> [About this exercise] Repeat the lines beginning at the one with "A05472 13647 Maison" and running to the end of the material, keeping the first and last of them, exactly as they appear.

> [Available data]
---------------
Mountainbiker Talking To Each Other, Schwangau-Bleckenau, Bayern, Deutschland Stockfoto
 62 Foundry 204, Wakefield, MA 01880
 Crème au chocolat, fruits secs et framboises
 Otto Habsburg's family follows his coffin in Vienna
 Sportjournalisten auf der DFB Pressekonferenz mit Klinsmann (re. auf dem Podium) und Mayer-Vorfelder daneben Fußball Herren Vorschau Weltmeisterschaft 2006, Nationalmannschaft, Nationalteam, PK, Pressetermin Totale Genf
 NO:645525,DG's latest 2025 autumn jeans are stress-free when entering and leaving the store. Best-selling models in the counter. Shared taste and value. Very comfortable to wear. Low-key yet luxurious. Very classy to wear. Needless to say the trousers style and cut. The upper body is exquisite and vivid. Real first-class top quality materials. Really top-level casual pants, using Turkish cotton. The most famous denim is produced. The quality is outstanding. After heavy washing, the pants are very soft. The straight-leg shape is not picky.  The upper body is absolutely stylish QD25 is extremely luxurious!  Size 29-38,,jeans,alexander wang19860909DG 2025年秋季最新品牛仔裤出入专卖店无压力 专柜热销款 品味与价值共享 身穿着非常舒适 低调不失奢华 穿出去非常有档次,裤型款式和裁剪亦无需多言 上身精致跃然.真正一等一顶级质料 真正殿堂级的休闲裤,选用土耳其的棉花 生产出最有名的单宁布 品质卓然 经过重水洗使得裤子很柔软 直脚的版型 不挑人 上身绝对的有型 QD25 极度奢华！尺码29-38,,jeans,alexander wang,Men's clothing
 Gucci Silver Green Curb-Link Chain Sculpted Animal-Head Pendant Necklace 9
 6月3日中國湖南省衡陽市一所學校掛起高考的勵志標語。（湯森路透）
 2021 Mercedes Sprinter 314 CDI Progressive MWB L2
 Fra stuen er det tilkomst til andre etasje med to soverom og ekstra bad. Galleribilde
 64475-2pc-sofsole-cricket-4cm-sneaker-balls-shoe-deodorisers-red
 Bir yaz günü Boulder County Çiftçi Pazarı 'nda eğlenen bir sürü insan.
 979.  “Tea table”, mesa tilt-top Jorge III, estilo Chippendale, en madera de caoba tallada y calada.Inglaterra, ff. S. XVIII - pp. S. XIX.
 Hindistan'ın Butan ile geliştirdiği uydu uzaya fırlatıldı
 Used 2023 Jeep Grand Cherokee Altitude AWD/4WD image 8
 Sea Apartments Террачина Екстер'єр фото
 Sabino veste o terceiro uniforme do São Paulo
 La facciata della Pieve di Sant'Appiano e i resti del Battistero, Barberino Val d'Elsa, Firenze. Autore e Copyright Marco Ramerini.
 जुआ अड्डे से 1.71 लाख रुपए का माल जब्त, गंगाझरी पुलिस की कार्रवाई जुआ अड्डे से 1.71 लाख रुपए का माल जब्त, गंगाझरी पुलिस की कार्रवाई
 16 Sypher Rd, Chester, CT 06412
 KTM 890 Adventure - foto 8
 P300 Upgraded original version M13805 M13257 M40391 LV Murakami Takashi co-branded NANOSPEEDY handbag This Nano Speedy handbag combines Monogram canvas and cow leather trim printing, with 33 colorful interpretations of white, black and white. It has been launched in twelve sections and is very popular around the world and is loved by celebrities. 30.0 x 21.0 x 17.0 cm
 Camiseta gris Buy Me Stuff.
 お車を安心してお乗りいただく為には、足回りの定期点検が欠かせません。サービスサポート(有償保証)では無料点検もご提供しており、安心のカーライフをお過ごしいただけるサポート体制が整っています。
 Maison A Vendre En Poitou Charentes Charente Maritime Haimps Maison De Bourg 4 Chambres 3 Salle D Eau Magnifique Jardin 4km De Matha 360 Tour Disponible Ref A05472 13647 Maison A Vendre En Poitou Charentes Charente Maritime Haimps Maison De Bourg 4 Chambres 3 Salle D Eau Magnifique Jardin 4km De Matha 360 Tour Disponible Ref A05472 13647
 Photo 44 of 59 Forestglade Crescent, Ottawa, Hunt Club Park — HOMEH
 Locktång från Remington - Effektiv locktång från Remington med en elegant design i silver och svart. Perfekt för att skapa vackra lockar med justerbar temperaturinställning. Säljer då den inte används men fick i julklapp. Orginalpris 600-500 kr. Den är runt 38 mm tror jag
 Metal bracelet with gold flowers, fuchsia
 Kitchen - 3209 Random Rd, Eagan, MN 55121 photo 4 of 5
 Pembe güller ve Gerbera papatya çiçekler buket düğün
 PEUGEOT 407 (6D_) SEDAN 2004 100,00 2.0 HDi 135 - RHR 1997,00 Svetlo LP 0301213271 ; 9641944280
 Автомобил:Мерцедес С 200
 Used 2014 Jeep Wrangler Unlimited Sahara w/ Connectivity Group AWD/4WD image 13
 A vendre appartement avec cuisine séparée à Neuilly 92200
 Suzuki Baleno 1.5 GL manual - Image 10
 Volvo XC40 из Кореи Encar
---------------
> [Task output]
 Maison A Vendre En Poitou Charentes Charente Maritime Haimps Maison De Bourg 4 Chambres 3 Salle D Eau Magnifique Jardin 4km De Matha 360 Tour Disponible Ref A05472 13647 Maison A Vendre En Poitou Charentes Charente Maritime Haimps Maison De Bourg 4 Chambres 3 Salle D Eau Magnifique Jardin 4km De Matha 360 Tour Disponible Ref A05472 13647
 Photo 44 of 59 Forestglade Crescent, Ottawa, Hunt Club Park — HOMEH
 Locktång från Remington - Effektiv locktång från Remington med en elegant design i silver och svart. Perfekt för att skapa vackra lockar med justerbar temperaturinställning. Säljer då den inte används men fick i julklapp. Orginalpris 600-500 kr. Den är runt 38 mm tror jag
 Metal bracelet with gold flowers, fuchsia
 Kitchen - 3209 Random Rd, Eagan, MN 55121 photo 4 of 5
 Pembe güller ve Gerbera papatya çiçekler buket düğün
 PEUGEOT 407 (6D_) SEDAN 2004 100,00 2.0 HDi 135 - RHR 1997,00 Svetlo LP 0301213271 ; 9641944280
 Автомобил:Мерцедес С 200
 Used 2014 Jeep Wrangler Unlimited Sahara w/ Connectivity Group AWD/4WD image 13
 A vendre appartement avec cuisine séparée à Neuilly 92200
 Suzuki Baleno 1.5 GL manual - Image 10
 Volvo XC40 из Кореи Encar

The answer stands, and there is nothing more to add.